(Stored data)
+++++

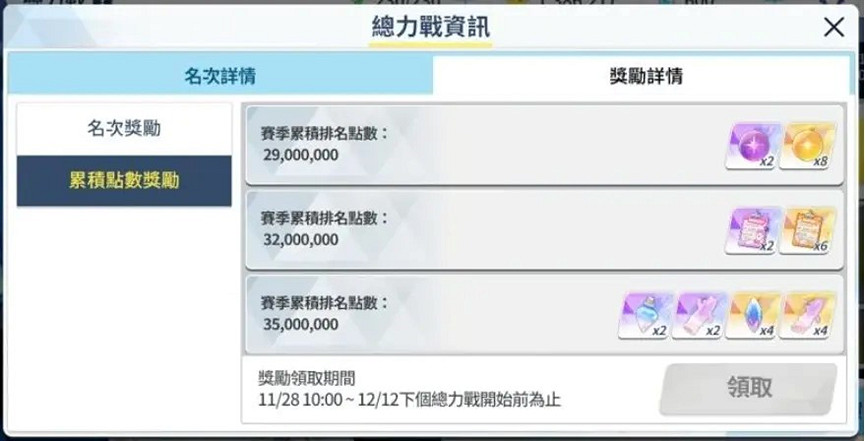 《碧藍檔案》國際服更新 新角色上線！內附下載教學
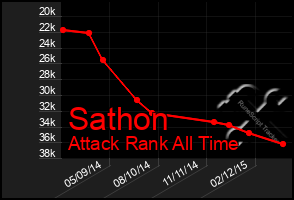 Total Graph of Sathon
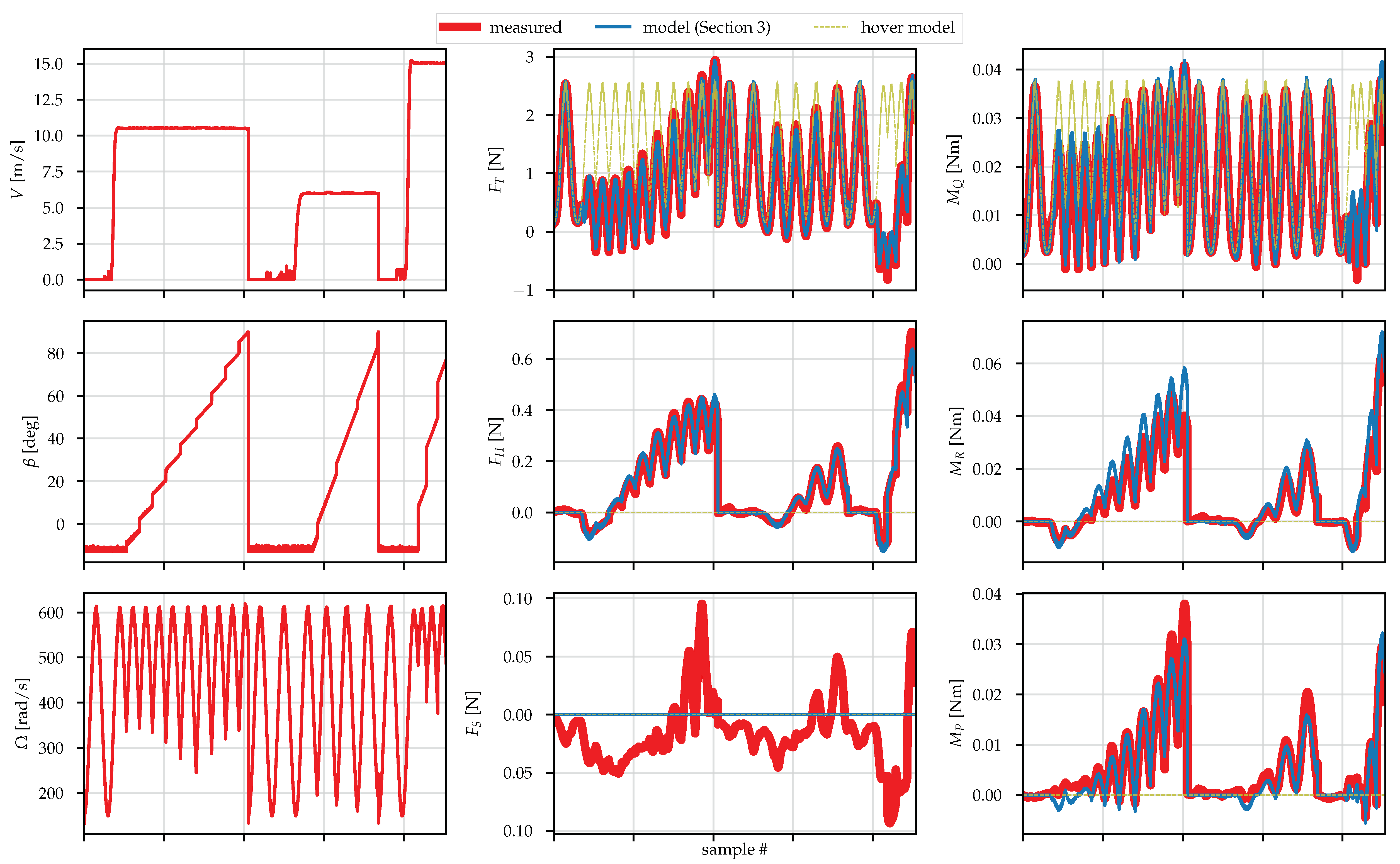 Drones 03 00077 g006 Drones 03 00077 g006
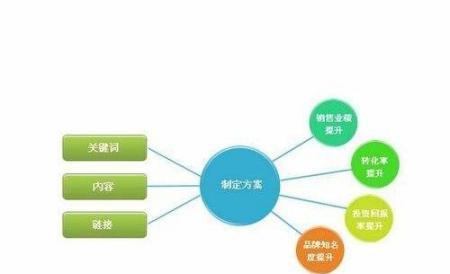 SEO网站优化为企业带来的益处（掌握SEO技巧）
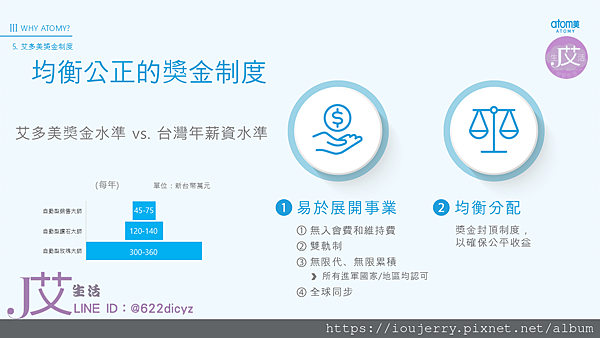 2025年艾多美(Atomy)公司背景深度解析:韓國直銷龍頭?還是隱藏陷阱? (47).PNG 2025年艾多美(Atomy)公司背景深度解析:韓國直銷龍頭?還是隱藏陷阱? (47).PNG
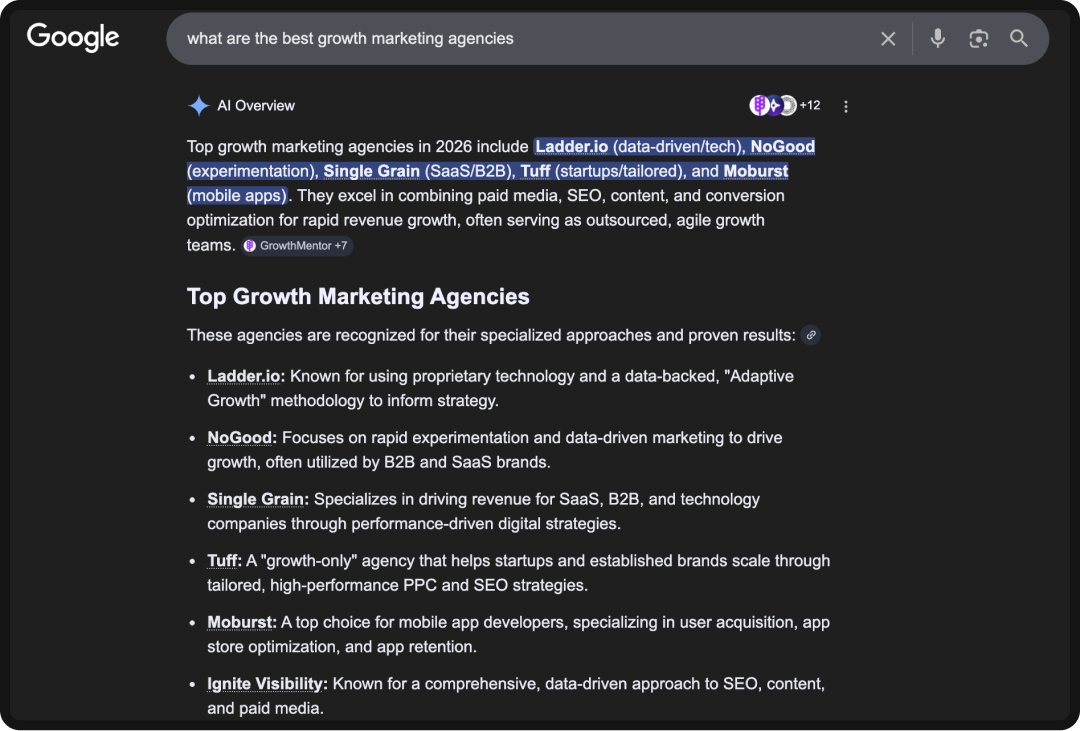 Google SERP with an AI Overview listing NoGood as one of the top growth marketing agencies.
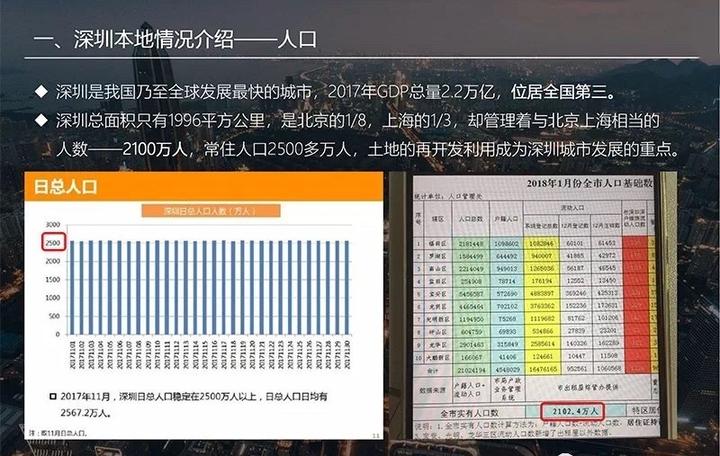 什么是回迁房?回迁房交易流程是怎样的? - 知乎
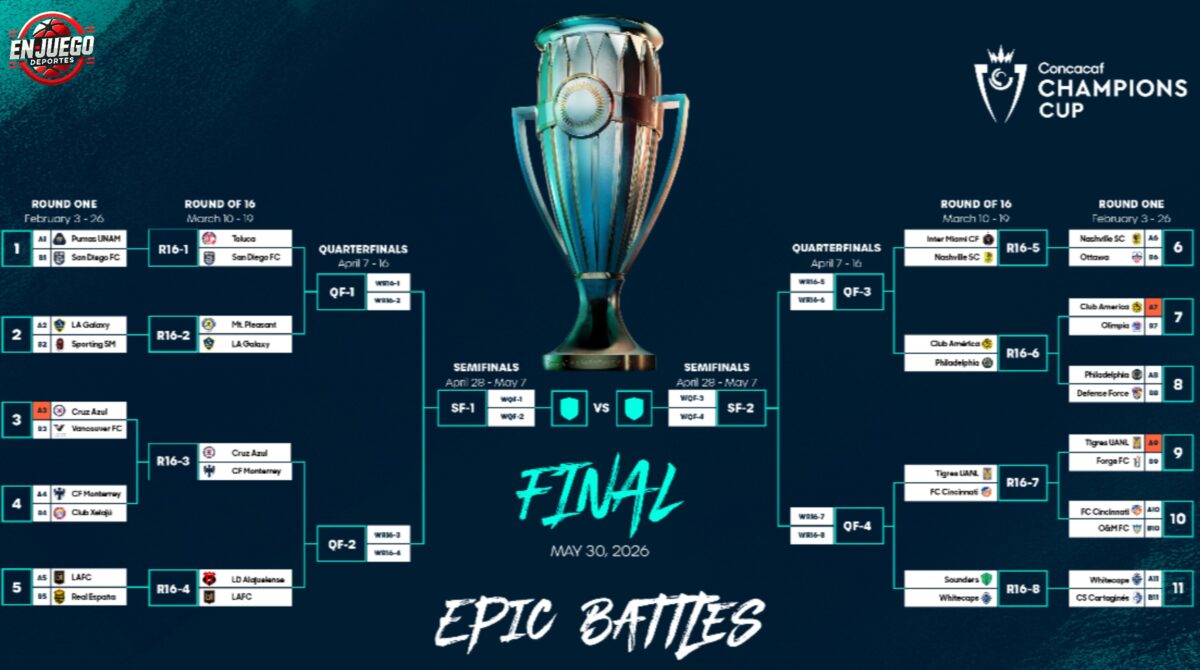 Copa de Campeones de la Concacaf, así se jugarán los Octavos de Final. 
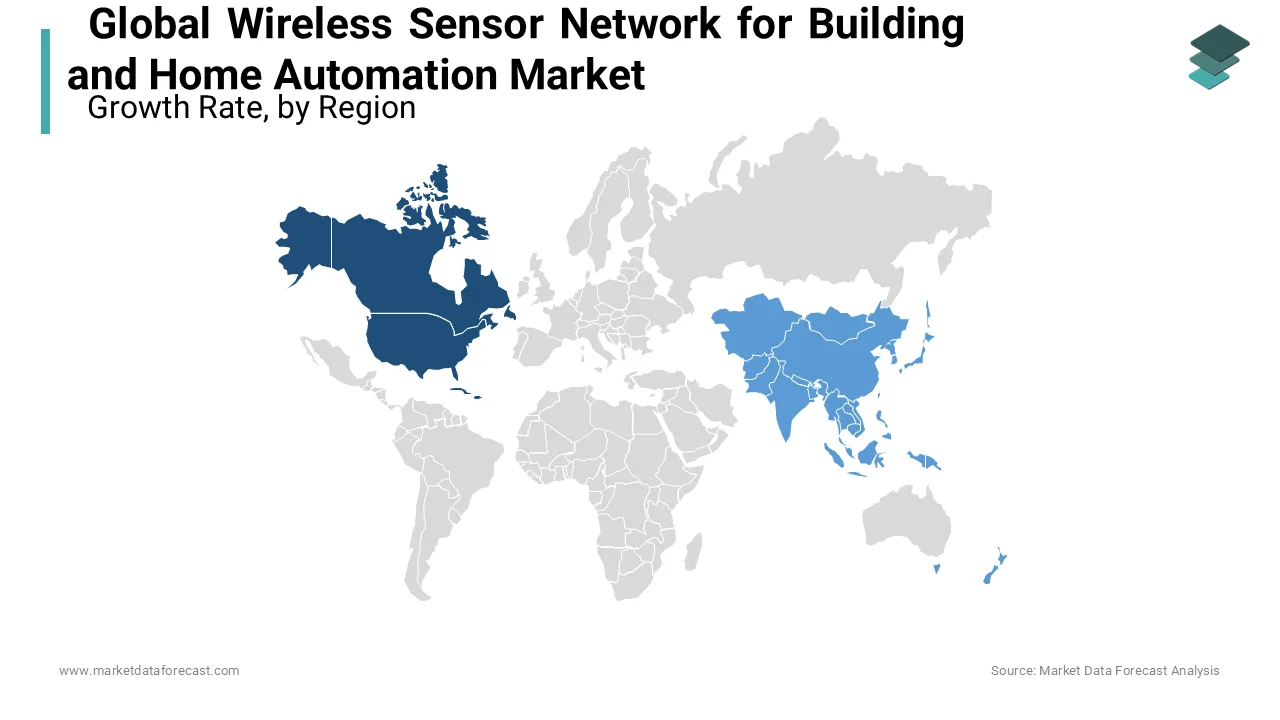 North America has dominated the wireless sensor network for the home and building automation market.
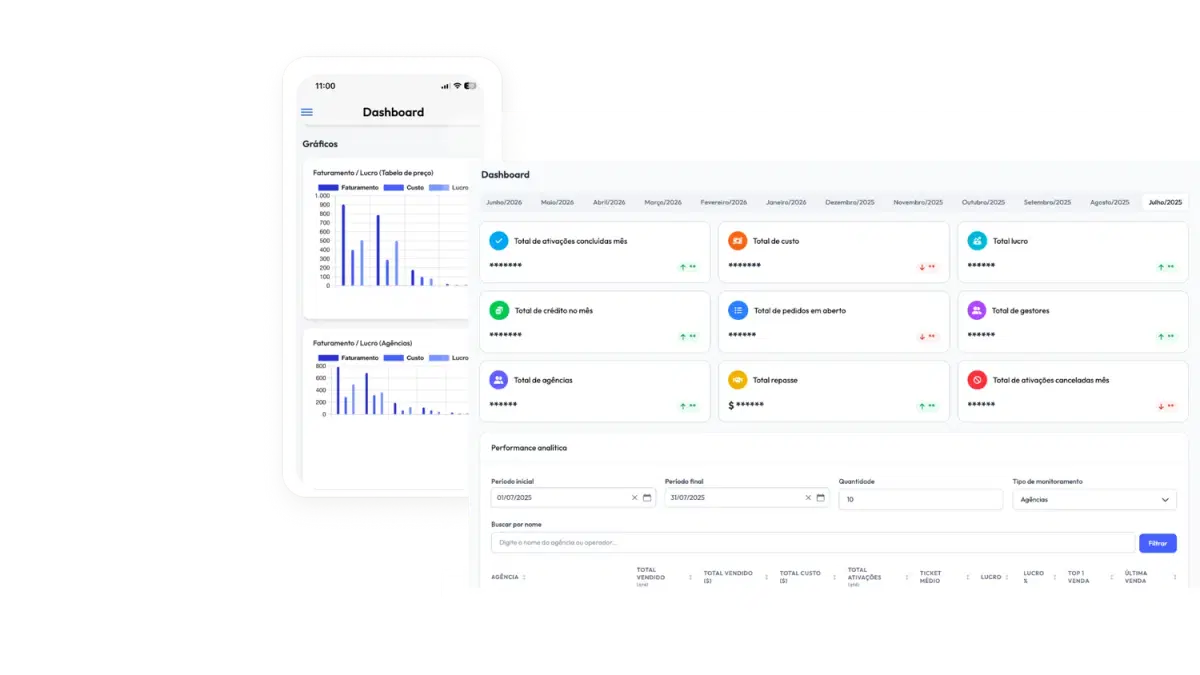 Woofi Sales Dashboard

+++++

**About this task**
Your task is to repeat, word for word and with no picture, every line from the one that contains "Drones 03 00077 g006 Drones 03 00077 g006" through the last line of the data.

**Answer space**
 Drones 03 00077 g006 Drones 03 00077 g006
 SEO网站优化为企业带来的益处（掌握SEO技巧）
 2025年艾多美(Atomy)公司背景深度解析:韓國直銷龍頭?還是隱藏陷阱? (47).PNG 2025年艾多美(Atomy)公司背景深度解析:韓國直銷龍頭?還是隱藏陷阱? (47).PNG
 Google SERP with an AI Overview listing NoGood as one of the top growth marketing agencies.
 什么是回迁房?回迁房交易流程是怎样的? - 知乎
 Copa de Campeones de la Concacaf, así se jugarán los Octavos de Final. 
 North America has dominated the wireless sensor network for the home and building automation market.
 Woofi Sales Dashboard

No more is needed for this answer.